I have kuberentes cluster. One master and one worker. I install metric-server for auto scaling and then i run stress test
$ kubectl run autoscale-test --image=ubuntu:16.04 --requests=cpu=1000m --command sleep 1800
deployment "autoscale-test" created
$ kubectl autoscale deployment autoscale-test --cpu-percent=25 --min=1 --max=5
deployment "autoscale-test" autoscaled
$ kubectl get hpa
NAME REFERENCE TARGETS MINPODS MAXPODS REPLICAS AGE
autoscale-test Deployment/autoscale-test 0% / 25% 1 5 1 1m
$ kubectl get pod
NAME READY STATUS RESTARTS AGE
autoscale-test-59d66dcbf7-9fqr8 1/1 Running 0 9m
kubectl exec autoscale-test-59d66dcbf7-9fqr8 -- apt-get update
kubectl exec autoscale-test-59d66dcbf7-9fqr8 -- apt-get install stress
$ kubectl exec autoscale-test-59d66dcbf7-9fqr8 -- stress --cpu 2 --timeout 600s &
stress: info: [227] dispatching hogs: 2 cpu, 0 io, 0 vm, 0 hdd
everything works fine and the pod was auto scaled but after that the pod that was created by autoscale is still running and they do not terminate after the stress test the hpa shows that the 0% of cpu is in use but the 5 autoscaled pod still running
#kubectl get hpa
NAME REFERENCE TARGETS MINPODS MAXPODS REPLICAS AGE
autoscale-test Deployment/autoscale-test 0%/25% 1 5 5 74m
#kubectl get pods --all-namespaces
NAMESPACE NAME READY STATUS RESTARTS AGE
default autoscale-test-8f4d84bbf-7ddjw 1/1 Running 0 61m
default autoscale-test-8f4d84bbf-bmr59 1/1 Running 0 61m
default autoscale-test-8f4d84bbf-cxt26 1/1 Running 0 61m
default autoscale-test-8f4d84bbf-x9jws 1/1 Running 0 61m
default autoscale-test-8f4d84bbf-zbhvk 1/1 Running 0 71m
I wait for an hour but nothing happen
From the documentation:
--horizontal-pod-autoscaler-downscale-delay: The value for this option is a duration that specifies how long the autoscaler has to wait before another downscale operation can be performed after the current one has completed. The default value is 5 minutes (5m0s).

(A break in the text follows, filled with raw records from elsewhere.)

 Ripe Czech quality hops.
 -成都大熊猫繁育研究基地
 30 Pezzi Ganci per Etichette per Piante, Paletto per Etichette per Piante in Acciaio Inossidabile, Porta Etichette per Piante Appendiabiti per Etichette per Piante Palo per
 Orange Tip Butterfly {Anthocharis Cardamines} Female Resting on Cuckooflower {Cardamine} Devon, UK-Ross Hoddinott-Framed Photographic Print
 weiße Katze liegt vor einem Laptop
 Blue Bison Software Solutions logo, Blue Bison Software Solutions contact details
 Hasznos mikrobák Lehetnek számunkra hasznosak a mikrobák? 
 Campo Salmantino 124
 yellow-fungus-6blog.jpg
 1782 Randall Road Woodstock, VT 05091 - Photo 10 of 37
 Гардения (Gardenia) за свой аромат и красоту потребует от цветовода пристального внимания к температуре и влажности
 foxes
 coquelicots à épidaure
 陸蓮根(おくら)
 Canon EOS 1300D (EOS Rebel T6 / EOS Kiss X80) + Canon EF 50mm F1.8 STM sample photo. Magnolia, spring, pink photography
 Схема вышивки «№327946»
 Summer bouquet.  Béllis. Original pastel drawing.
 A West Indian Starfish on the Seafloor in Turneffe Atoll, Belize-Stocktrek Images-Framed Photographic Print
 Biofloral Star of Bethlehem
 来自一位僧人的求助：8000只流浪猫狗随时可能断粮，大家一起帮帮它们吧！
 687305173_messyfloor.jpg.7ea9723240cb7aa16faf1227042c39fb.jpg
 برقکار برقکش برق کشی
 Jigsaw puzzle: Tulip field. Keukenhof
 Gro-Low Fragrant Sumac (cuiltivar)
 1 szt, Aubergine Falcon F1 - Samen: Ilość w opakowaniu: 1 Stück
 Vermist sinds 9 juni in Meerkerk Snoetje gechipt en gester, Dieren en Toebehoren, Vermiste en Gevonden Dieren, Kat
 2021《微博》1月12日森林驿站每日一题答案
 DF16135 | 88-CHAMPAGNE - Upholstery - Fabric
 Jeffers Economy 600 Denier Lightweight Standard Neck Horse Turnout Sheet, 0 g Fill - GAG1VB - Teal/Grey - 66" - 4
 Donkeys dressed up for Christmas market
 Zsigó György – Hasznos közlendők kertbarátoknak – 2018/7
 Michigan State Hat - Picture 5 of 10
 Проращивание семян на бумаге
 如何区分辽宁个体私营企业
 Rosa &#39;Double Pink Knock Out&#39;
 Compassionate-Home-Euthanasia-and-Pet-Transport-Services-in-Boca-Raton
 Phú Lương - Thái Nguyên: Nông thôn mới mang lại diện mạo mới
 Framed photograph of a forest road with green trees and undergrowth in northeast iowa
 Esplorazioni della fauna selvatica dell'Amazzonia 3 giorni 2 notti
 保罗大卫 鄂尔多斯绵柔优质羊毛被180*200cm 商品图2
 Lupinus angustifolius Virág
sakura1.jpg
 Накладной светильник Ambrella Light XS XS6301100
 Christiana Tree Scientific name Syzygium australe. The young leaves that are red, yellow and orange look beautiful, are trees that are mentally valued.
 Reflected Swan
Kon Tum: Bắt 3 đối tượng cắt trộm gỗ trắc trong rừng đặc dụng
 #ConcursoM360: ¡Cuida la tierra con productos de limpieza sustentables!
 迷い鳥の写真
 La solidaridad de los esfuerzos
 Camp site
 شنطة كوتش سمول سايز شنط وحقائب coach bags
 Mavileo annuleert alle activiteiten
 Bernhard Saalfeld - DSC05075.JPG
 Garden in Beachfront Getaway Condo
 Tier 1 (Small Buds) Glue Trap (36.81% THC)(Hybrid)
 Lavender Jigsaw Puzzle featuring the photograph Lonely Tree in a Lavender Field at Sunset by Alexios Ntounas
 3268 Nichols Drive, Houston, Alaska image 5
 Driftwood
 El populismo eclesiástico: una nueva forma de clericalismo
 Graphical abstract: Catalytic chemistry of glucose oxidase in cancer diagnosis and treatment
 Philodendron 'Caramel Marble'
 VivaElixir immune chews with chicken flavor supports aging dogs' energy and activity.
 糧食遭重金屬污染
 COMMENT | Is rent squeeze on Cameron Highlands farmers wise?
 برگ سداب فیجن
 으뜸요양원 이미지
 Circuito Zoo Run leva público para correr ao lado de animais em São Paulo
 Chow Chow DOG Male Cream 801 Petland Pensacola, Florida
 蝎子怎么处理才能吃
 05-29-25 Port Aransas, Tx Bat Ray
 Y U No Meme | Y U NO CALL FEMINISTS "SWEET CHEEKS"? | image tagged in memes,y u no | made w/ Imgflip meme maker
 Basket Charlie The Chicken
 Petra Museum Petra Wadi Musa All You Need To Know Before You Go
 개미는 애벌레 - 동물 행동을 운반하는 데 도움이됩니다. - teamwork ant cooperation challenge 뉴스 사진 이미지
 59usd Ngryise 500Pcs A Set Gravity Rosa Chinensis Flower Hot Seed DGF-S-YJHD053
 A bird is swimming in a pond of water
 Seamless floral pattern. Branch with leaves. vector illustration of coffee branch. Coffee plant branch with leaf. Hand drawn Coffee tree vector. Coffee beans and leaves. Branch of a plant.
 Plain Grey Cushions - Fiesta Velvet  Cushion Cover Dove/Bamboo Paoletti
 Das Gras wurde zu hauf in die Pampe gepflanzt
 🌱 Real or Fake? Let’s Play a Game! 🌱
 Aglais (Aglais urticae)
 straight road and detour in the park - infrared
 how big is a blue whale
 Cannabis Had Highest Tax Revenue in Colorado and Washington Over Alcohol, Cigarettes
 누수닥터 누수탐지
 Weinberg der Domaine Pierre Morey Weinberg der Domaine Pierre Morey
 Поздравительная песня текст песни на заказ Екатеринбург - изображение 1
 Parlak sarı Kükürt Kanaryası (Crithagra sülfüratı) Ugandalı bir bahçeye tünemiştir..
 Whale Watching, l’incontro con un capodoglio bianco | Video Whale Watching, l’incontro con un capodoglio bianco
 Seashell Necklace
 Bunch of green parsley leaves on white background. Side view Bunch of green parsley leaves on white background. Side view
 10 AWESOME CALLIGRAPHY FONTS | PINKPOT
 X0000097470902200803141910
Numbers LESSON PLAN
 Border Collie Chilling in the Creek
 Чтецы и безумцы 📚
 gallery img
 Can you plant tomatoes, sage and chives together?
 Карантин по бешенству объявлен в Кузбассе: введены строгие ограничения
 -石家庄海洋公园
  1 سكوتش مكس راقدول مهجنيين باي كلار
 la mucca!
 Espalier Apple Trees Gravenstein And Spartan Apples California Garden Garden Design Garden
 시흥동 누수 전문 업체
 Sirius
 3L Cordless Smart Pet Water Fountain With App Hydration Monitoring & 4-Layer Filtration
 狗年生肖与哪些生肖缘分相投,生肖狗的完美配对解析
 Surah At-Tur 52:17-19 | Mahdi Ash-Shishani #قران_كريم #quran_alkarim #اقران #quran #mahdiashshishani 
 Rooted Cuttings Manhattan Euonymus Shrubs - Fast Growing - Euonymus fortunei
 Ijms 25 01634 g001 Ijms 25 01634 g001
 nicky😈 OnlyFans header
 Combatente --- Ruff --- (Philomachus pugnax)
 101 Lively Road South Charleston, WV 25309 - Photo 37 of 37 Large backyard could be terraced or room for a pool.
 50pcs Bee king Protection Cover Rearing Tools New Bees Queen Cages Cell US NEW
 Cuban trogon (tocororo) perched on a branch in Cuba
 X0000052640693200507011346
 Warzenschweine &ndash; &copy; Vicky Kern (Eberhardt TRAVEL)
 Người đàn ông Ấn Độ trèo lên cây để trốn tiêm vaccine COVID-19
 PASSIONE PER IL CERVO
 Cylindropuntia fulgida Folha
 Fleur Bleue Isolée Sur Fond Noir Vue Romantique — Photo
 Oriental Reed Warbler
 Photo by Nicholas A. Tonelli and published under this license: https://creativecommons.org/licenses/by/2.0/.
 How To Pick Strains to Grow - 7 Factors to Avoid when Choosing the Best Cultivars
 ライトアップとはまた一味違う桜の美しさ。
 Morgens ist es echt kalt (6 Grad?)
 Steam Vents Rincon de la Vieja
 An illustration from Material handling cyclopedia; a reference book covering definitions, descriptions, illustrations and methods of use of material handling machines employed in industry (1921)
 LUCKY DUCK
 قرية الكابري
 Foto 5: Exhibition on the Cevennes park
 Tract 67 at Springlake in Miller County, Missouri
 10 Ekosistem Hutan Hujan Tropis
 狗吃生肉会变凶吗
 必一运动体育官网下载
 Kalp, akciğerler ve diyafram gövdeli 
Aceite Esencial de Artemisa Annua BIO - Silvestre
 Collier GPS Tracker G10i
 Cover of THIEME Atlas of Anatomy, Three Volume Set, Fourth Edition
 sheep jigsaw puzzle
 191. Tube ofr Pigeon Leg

Note: When tuning these parameter values, a cluster operator should be aware of the possible consequences. If the delay (cooldown) value is set too long, there could be complaints that the Horizontal Pod Autoscaler is not responsive to workload changes. However, if the delay value is set too short, the scale of the replicas set may keep thrashing as usual.
Finally, just before HPA scales the target, the scale recommendation is recorded. The controller considers all recommendations within a configurable window choosing the highest recommendation from within that window. This value can be configured using the --horizontal-pod-autoscaler-downscale-stabilization-window flag, which defaults to 5 minutes. This means that scaledowns will occur gradually, smoothing out the impact of rapidly fluctuating metric values.